Those in religious orders are not in a parish.  Imagine if they were.  It just does not seem that it would work out well, from those of us who know the parish ways of existing and progressing.  Parishes are distinctly different from monasteries, yet they provide similar opportunities and avenues for reaching the same goals which very much are or should be steeped in worship of God and sharing His love with one another in that context.  They are also a means of providing spiritual growth opportunities in order to learn and practice the virtues and to grow in holiness individually and as a body of believers.

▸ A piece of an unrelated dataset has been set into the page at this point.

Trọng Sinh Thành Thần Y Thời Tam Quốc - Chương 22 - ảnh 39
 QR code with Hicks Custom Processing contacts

These opportunities vary in function within monasteries and within parishes.

Then consider the hermit path.  It is neither that of a monastery or a parish, but is a "hermitage", to come to some kind of similar labeling distinction.  It is a religious vocation.  An avowed and professed hermit in the Catholic church is a "consecrated religious" regardless of public or private vows.  A hermit has a religious vocation, and its modality of existing is not typically in a monastery nor in a parish setting, but rather in solitude in a hermitage. 

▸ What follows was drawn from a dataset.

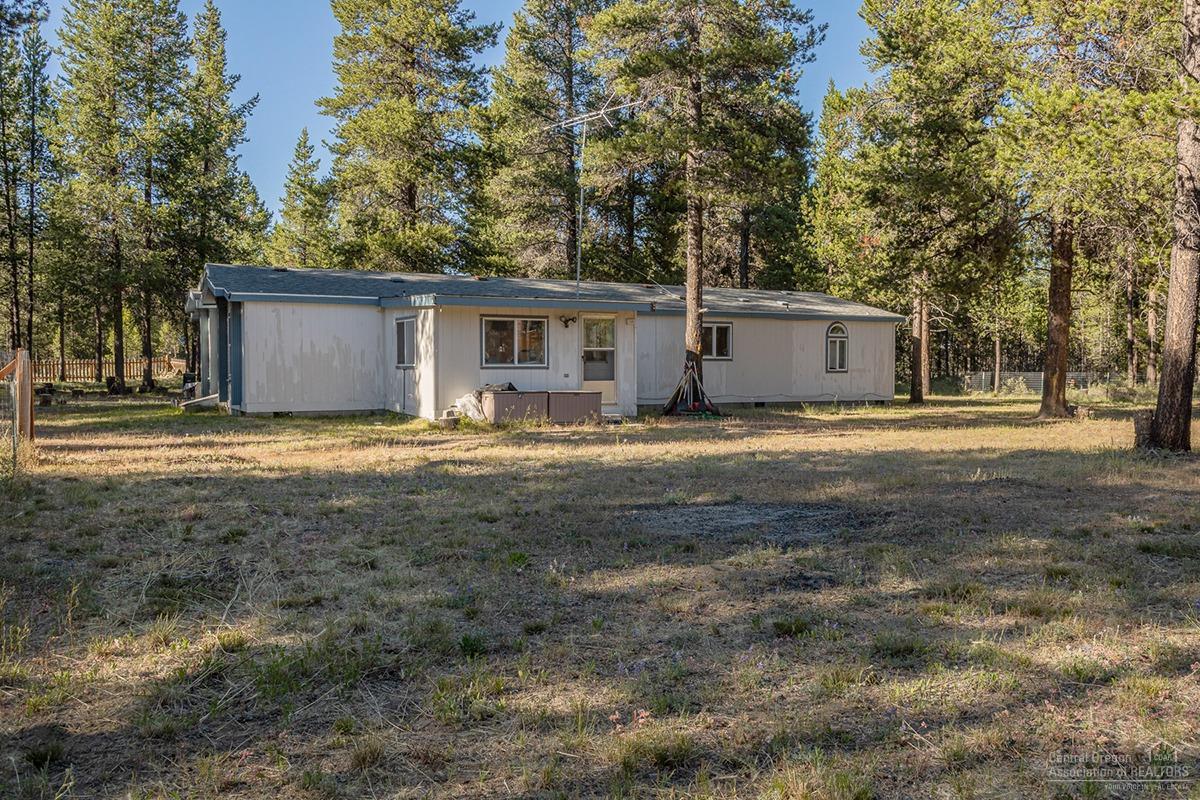 16053 Aqua Road La Pine, OR 97739 - Photo 20 of 22 Additional Photo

But the hermit, like those in religious orders and those in parishes, have spiritual helps that can include people, their writings, their lived examples.  We have worship and sacraments and very much the Living Word of God and His Real Presence.  Whether lay or religious or in holy orders, we all are striving for union with God and to glorify God in all we attempt, in love of God above all things and love of others.

Thus, the heightened manual labor has assisted this "nothing' hermit in grasping all the more, after many splatters and wipe-ups, and cleaning of brushes and switching to other paint colors, that "nothing" has missed the mark many times over in thinking it must belong in a parish as a typical parishioner, or to interact in a parish.  This is as mismatched as it would in thinking it needs to exist or belong to a monastery, although often enough (and historically) hermits tended to travel weekly to worship in monasteries.  Perhaps this is because the monks and nuns and the hermits do share an avowed and consecrated religious vocation, although unique in various aspects one from the other.

And, it does seem that in the past three decades in the Catholic Church, those relatively few but growing number of hermits with public vows are known to worship in and belong to parishes.  Privately consecrated hermits who might choose to worship in a parish, or from parish to parish,* may tend to remain hidden in the sense that they may not need be known as hermits to the parishioners and often not to the priests.

[*Fifteen years ago when first receiving the call to the eremitic life, "nothing" corresponded with a privately professed hermit in another country who motorbiked to a different parish each day in an eight-day cycle.  There were eight parishes within reasonable travel distance.  One time when a priest inquired of his name and offered a ride (and his bike) home, wherever that was, the hermit politely declined and also gave but his first name--and regretted giving that much information.]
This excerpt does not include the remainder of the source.